Creato il 23 dicembre 2011 da Alessandraz @RedazioneDiario

Recensione "La luce del nord" di Donna Gillespie

Pubblicato da Valentina Coluccelli
Recensione Titolo: La luce del Nord - Dalla Germania alla Roma imperiale  Titolo originale: The Light Bearer Autrice: Donna Gillespie Editore: Aliberti Pagine: 1088 Prezzo: 21,90 Data di pubblicazione: 02/09/2010 Trama: Nel giorno della sua nascita, Auriane riceve da una sacerdotessa un misterioso amuleto e la profezia di una vita di gloria e di sventure. Figlia di un capo germanico, Auriane assiste agli orrori indicibili perpetrati da invasori spietati contro la sua tribù, e decide di consacrarsi alla vendetta. La fama delle sue mirabili gesta giungerà fino a Roma, alle orecchie del famoso statista Marco Giuliano, che al collo porta un amuleto identico e il cui destino si intreccerà presto con quello di Auriane… Un avvincente romanzo storico ambientato all’epoca dello scontro tra l’impero romano e le popolazioni germaniche, in cui, con continui colpi di scena, si intrecciano battaglie, passioni e riti pagani.

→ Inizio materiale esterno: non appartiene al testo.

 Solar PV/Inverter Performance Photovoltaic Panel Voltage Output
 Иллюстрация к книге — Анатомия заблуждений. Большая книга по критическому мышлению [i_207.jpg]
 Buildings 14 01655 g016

RECENSIONE “Gran parte di ciò che stava accadendo si perdeva nell’oscurità della luna, e in futuro la realtà si sarebbe trasformata in leggenda.”
Questo romanzo è monumentale, difficile trovare un altro aggettivo che meglio possa descriverlo, e non mi riferisco solo alla sua notevole mole di pagine, ma soprattutto al suo essere reale monumento alla Storia: alla Storia dell’uomo come umanità, che qui prende forma nel confronto epocale e fondante tra le civiltà Catta e Romana, e alla storia dell’uomo come singolo che qui trova una poetica e potente incarnazione nell’amore che lega i due protagonisti, Auriane e Marco Giuliano, rappresentanti di queste due civiltà.

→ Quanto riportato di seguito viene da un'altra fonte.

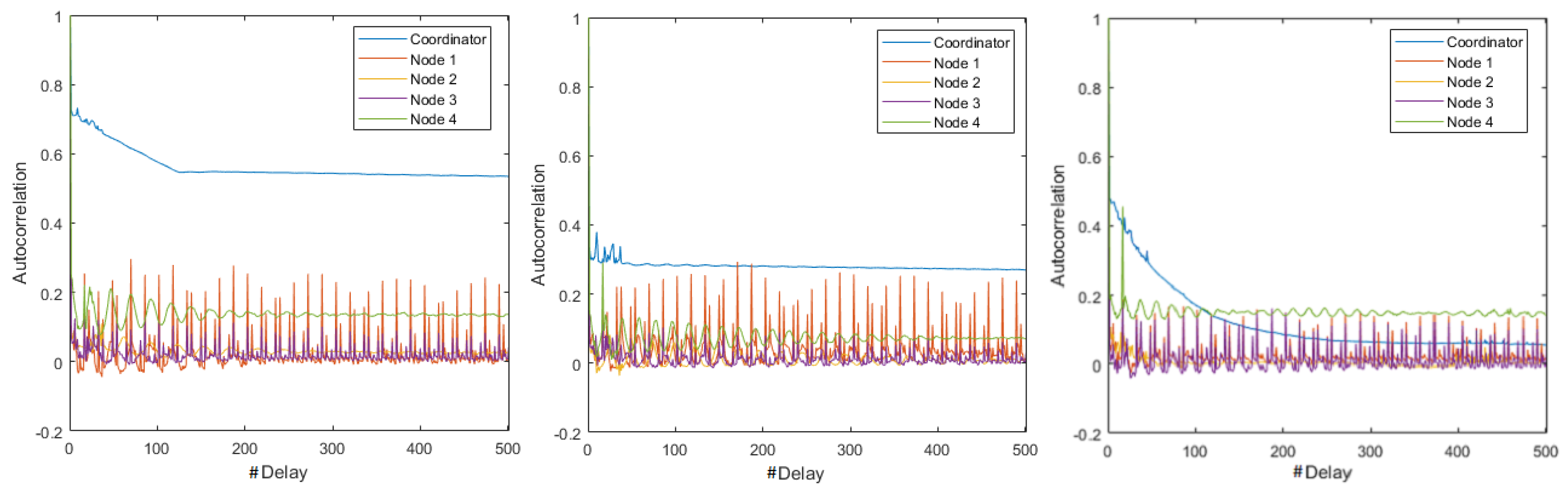 Sensors 18 02556 g0a5 Sensors 18 02556 g0a5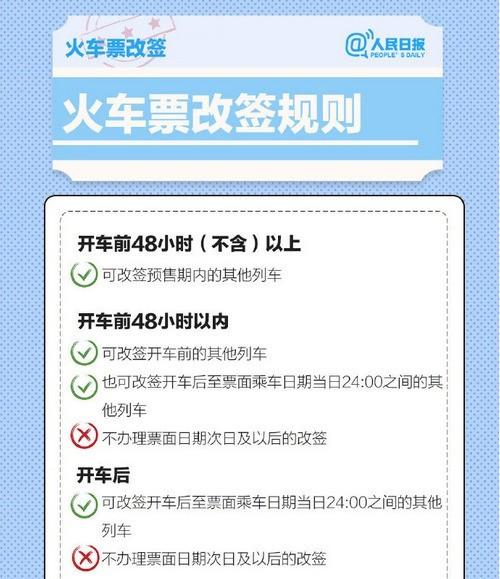 2021春节火车改签有什么规定?(春节期间改签要收费吗)-图1 2021春节火车改签有什么规定?(春节期间改签要收费吗)-图1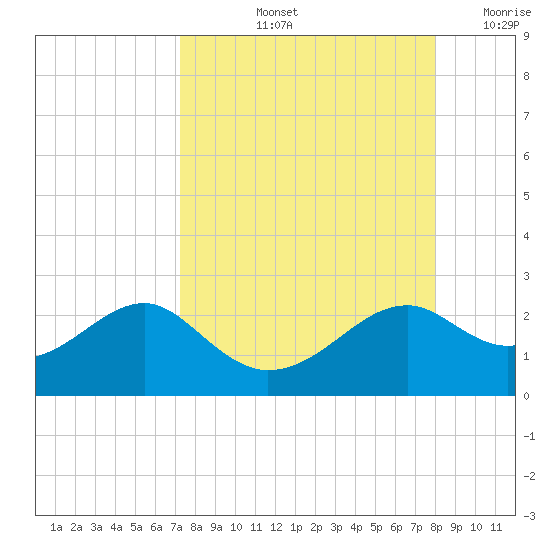 Rattlesnake Cove tide chart for Sunday, September 3, 2023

Così questo romanzo è il racconto di due vite che camminano su due strade che, se pur distanti e straordinariamente diverse, procedono in un magico parallelismo sino a quando, predestinate da sempre, non si incrociano per realizzare una comunione di anime che non può che prendere la forma dell’amore. Ma è soprattutto il racconto di un intenso, vibrante, violento e abbagliante spaccato di Storia nel quale si confrontano e si scontrano, prevalendo o capitolando, due culture, al contempo madri e figlie di due popoli che hanno aggiunto il loro importante tassello al cammino dell’umanità.
Da una parte la Roma dei tempi di Nerone, con la sua potenza, la sua necessità di dare un ordine ad ogni cosa e di assoggettarla, di imbrigliare il sapere in costrutti razionali. Il popolo che ha affinato il pensiero, l’organizzazione, la possibilità del piacere, al punto da aver smarrito le proprie origini e, con esse, motivazioni e fini profondi e onorevoli. Il popolo che non crede più nei propri dèi, che veicola i responsi degli oracoli, che con assoluto disincanto onora con le parole e le statue riti e divinità, mentre col cuore ride di loro.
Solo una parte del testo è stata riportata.